Extracted records
• • • • •

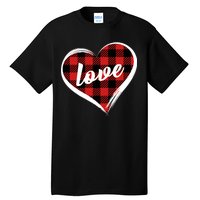 Valentines Day Love Plaid Heart Tall T-Shirt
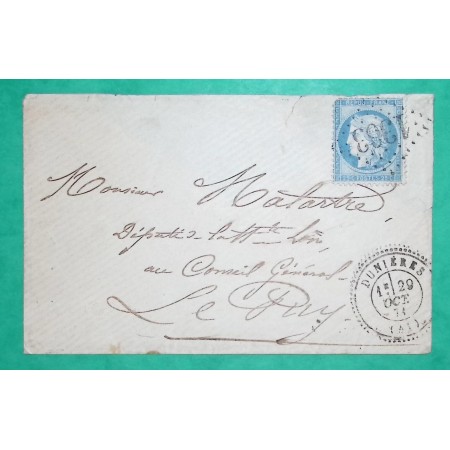 N°60A GC 1363 CAD TYPE 24 DUNIERES HAUTE LOIRE POUR LE PUY EN VELAY 1871 LETTRE COVER FRANCE
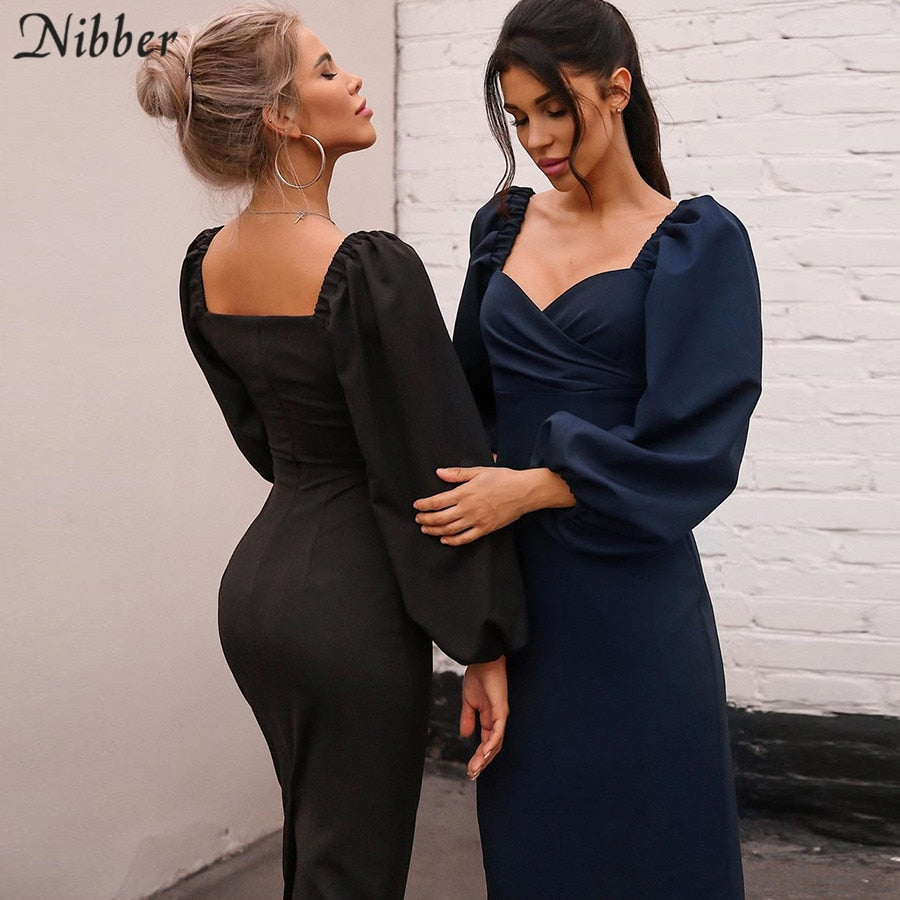 Sexy V Neck off shoulder bodycon elegant midi dress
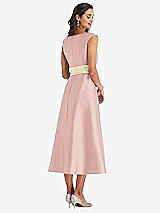 Rear View Thumbnail - Rose & Butter Yellow Off-the-Shoulder Draped Wrap Satin Midi Dress with Pockets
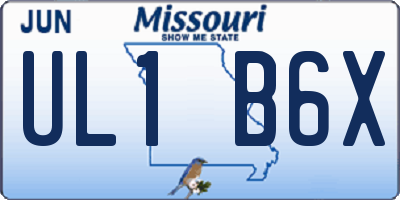 MO license plate UL1B6X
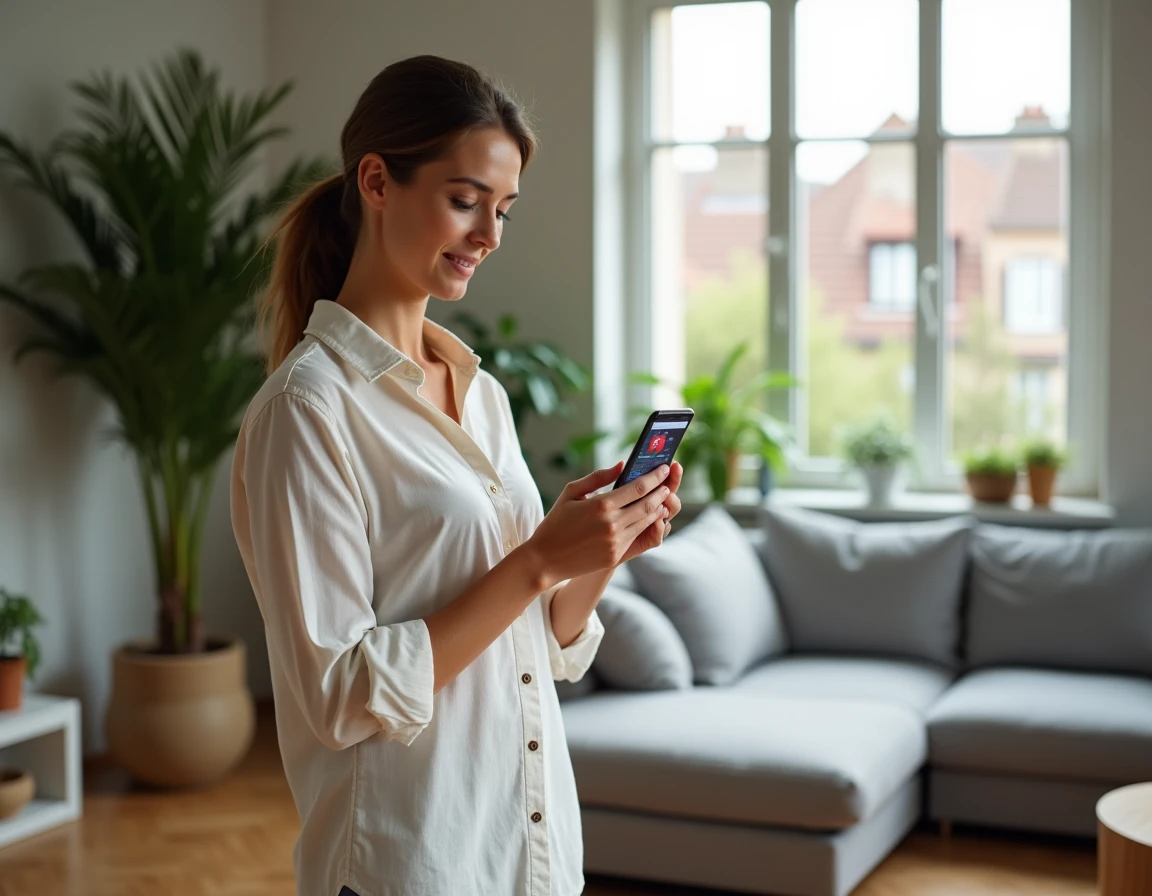 Femme vérifiant la carte de couverture fibre SFR sur son smartphone dans un salon moderne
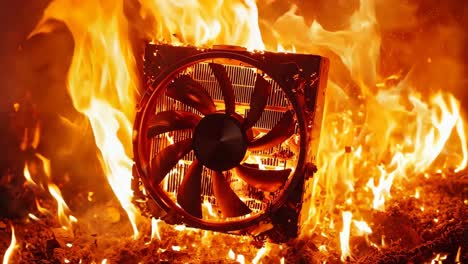 un ventilador de computadora en llamas con un fondo negro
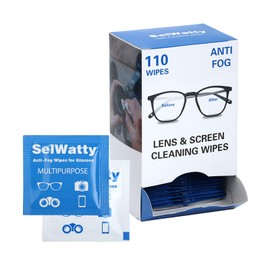 Selwatty 110 Anti-Fog Lens Wipe for Glasses/Screens, Wet, Quick Dry, No Residue, 15 x 12 cm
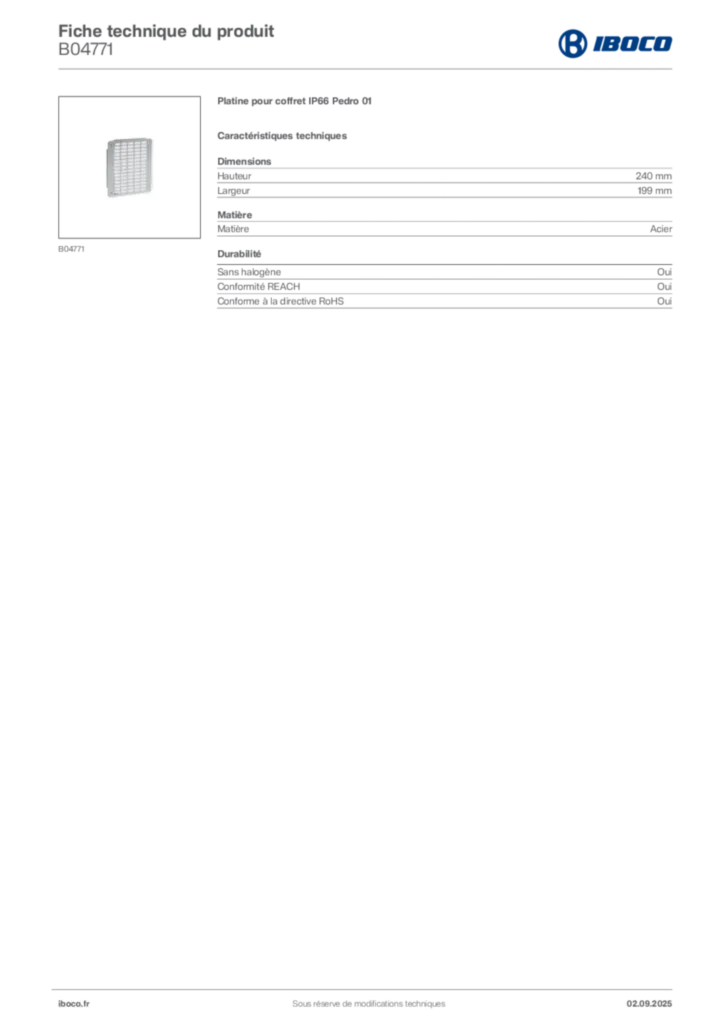 Image Iboco Fiche technique du produit B04771 | Hager France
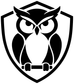 Black-and-white owl head shield vinyl decal, bold vector style with fists.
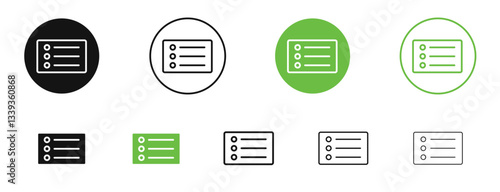 Menu list button icons in black and green colors. vector pack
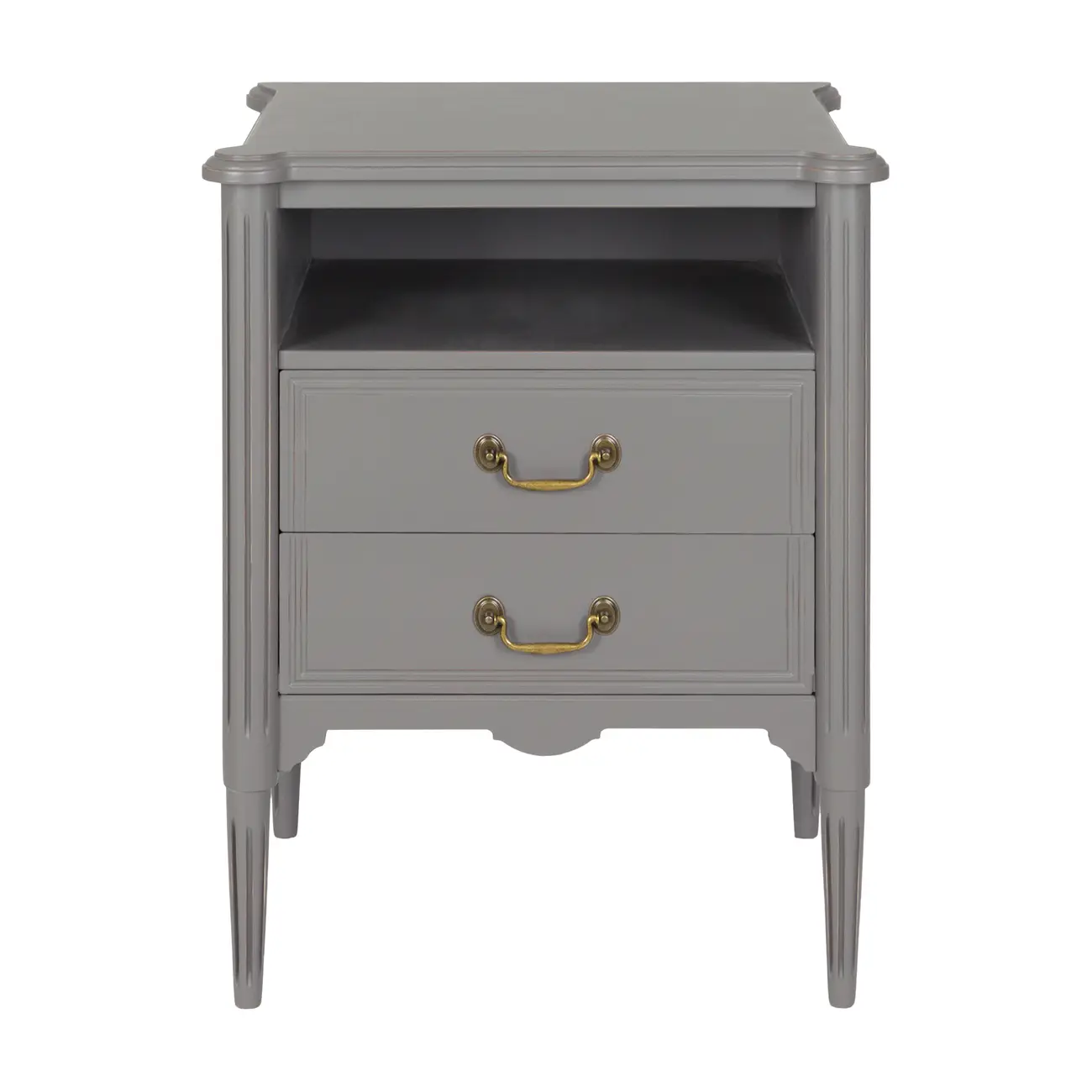 MESA DE CABECEIRA ALTA 2 GAVETAS REGENCE - GRIS BRULÉ - Foto 1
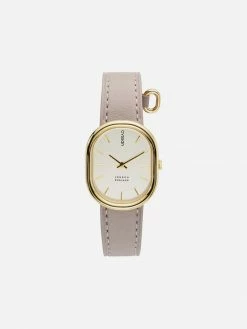Cyssan Accessories CYS5 Watch With White, Gold & Champagne Dial | Sand Vegan Leather Strap
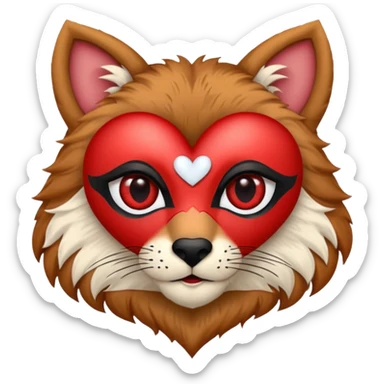 La melena del león cara de zorro ojos de corazon sticker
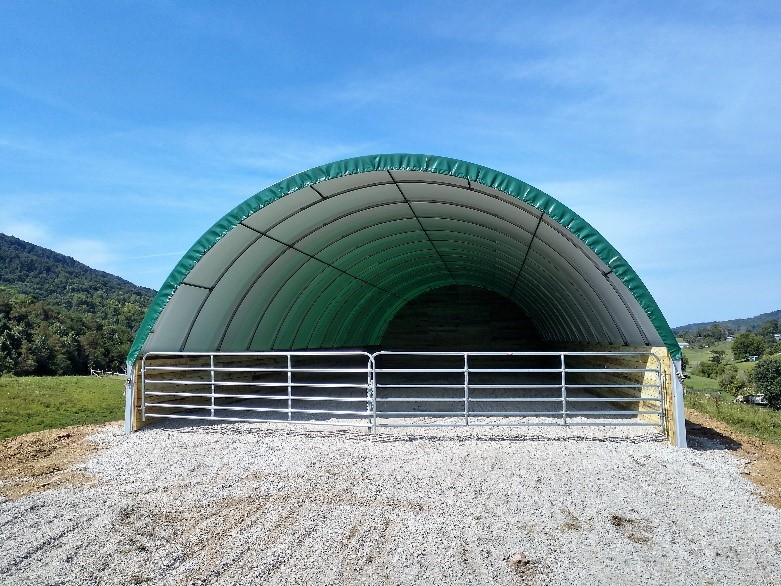 Large fabric building for storing hay at Elm Hollow Farm
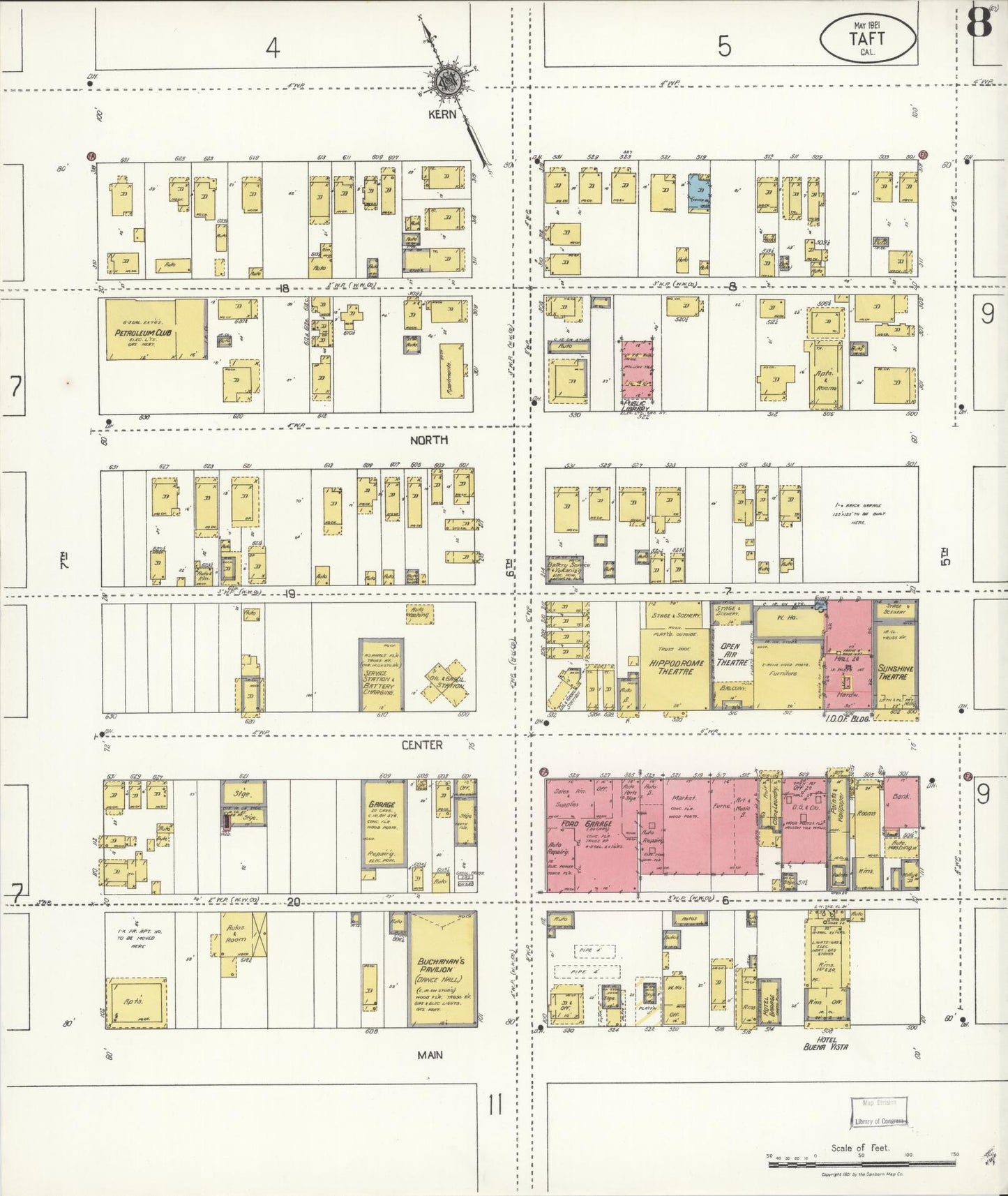 Sanborn Fire Insurance Map from Taft, Kern County, California (1921), Sheet #0008 - Complete Map Set gallery image, historic Sanborn map, vintage wall art, California California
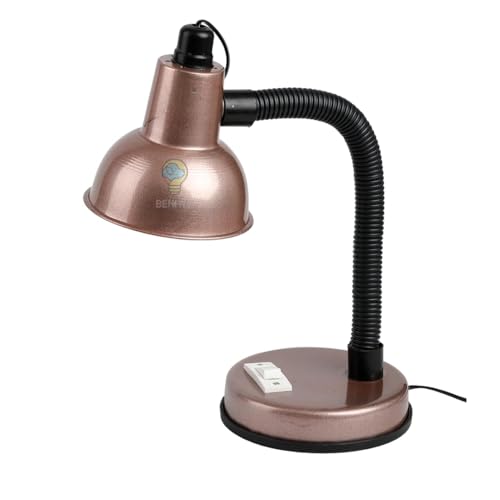 Image of LED Desk Lamp for Study Table | Adjustable Metal Reading Lamp with Flexible Neck | Eye Care Table Light for Students, Bedroom, Office & Work Desk (Copper)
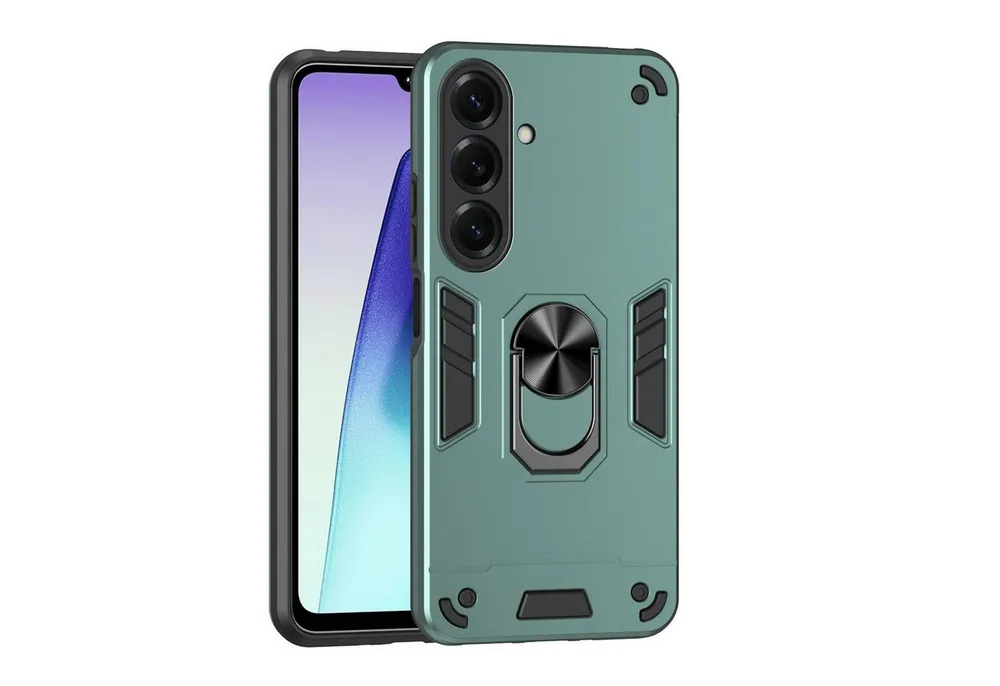 Wigento Handyhülle Armor Magnet Ring für Samsung Galaxy S26 5G Halter Hülle Grün 6,3 Zoll, Stoßfeste Hülle mit 360-Grad-Ringhalter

• • • • •

ACTION ITEM:
All lines from the one containing "MESA DE CABECEIRA" to the last line of the data above, both included, should be printed exactly, and the pictures should not appear.

RESPONSE TO THIS EXERCISE:
 MESA DE CABECEIRA ALTA 2 GAVETAS REGENCE - GRIS BRULÉ - Foto 1
Cyssan Accessories CYS5 Watch With White, Gold & Champagne Dial | Sand Vegan Leather Strap
 La melena del león cara de zorro ojos de corazon sticker
 Large fabric building for storing hay at Elm Hollow Farm
 Sanborn Fire Insurance Map from Taft, Kern County, California (1921), Sheet #0008 - Complete Map Set gallery image, historic Sanborn map, vintage wall art, California California
 Image of LED Desk Lamp for Study Table | Adjustable Metal Reading Lamp with Flexible Neck | Eye Care Table Light for Students, Bedroom, Office & Work Desk (Copper)
 Wigento Handyhülle Armor Magnet Ring für Samsung Galaxy S26 5G Halter Hülle Grün 6,3 Zoll, Stoßfeste Hülle mit 360-Grad-Ringhalter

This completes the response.